Your task
In the listing below, the lines starting at the line with "Miniatura do personagem" and ending at the line with "Caja de joyería" are to be output verbatim. Images stay out of the copy.

Supplied data
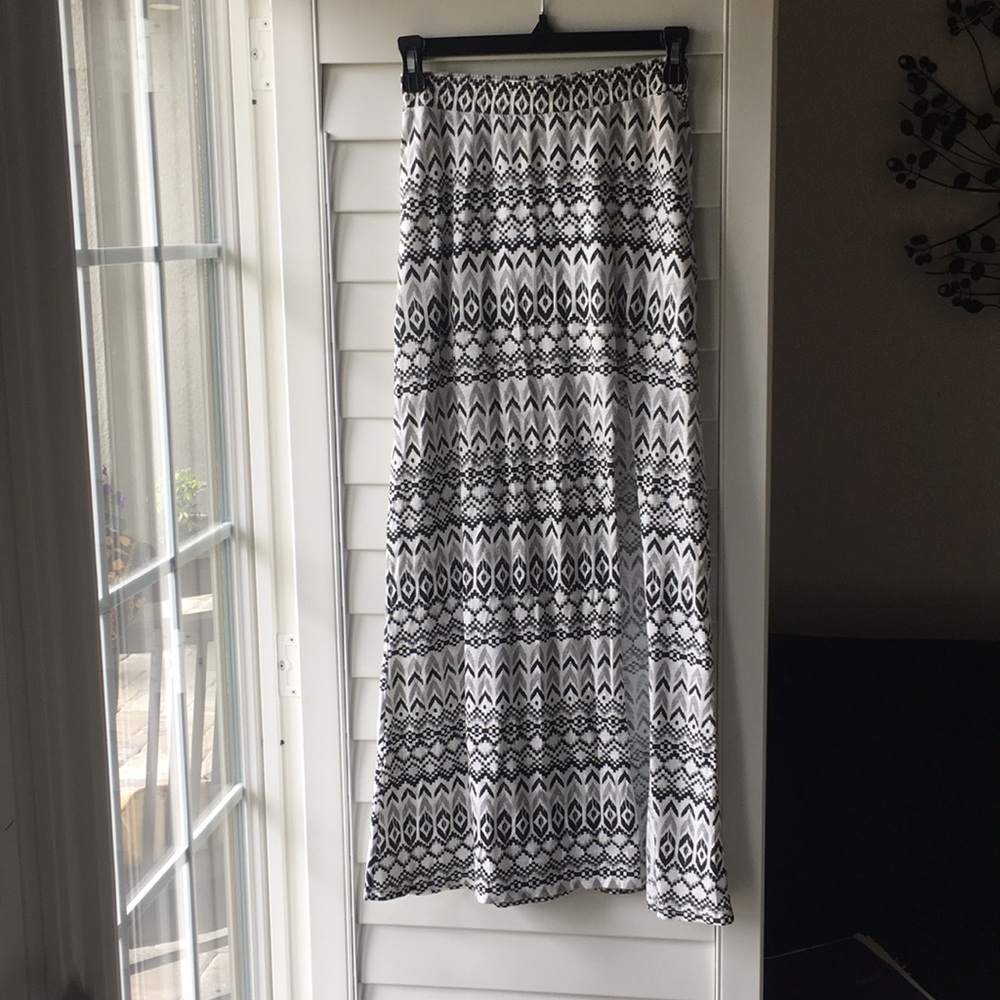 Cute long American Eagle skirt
...
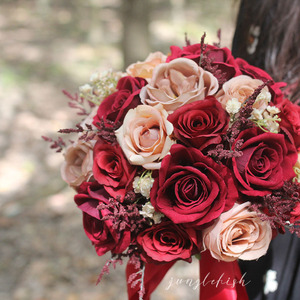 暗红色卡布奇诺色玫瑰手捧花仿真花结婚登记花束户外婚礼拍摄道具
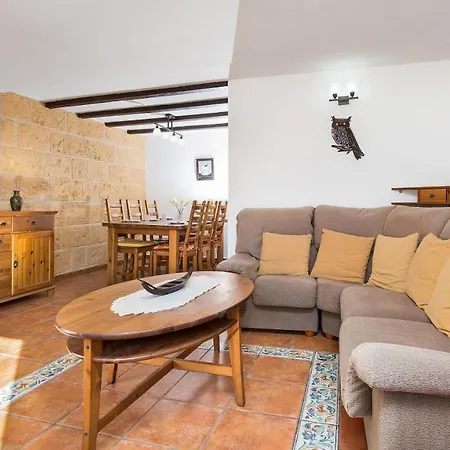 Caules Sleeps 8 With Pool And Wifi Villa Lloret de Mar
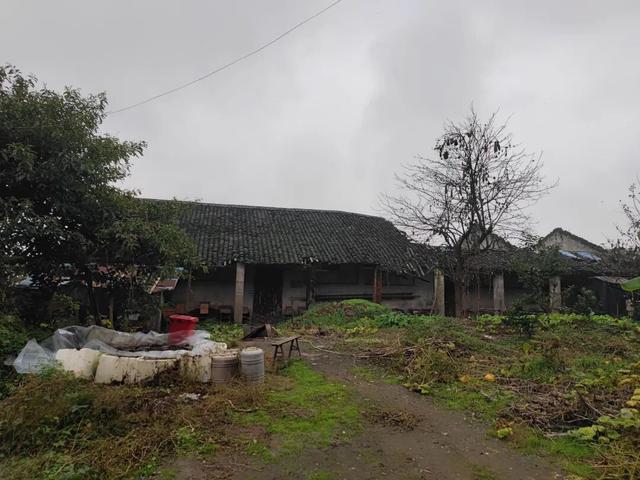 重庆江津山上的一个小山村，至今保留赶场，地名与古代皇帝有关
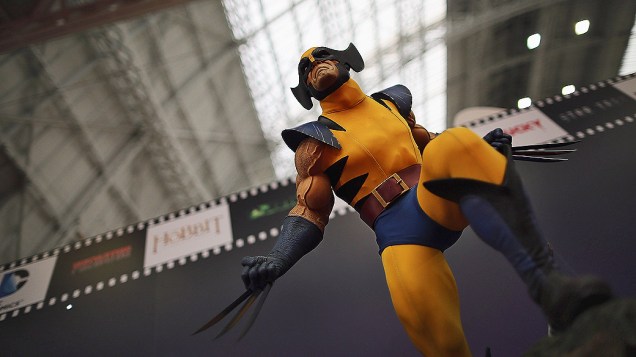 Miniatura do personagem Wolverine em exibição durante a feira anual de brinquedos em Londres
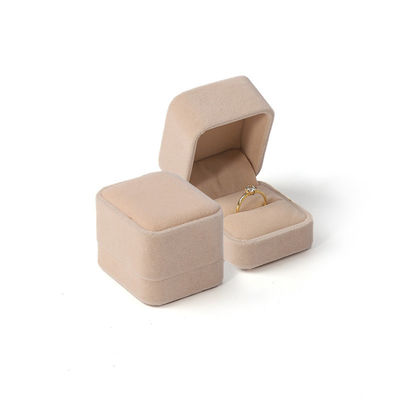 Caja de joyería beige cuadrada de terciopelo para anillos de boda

Answer box
 Miniatura do personagem Wolverine em exibição durante a feira anual de brinquedos em Londres
 Caja de joyería beige cuadrada de terciopelo para anillos de boda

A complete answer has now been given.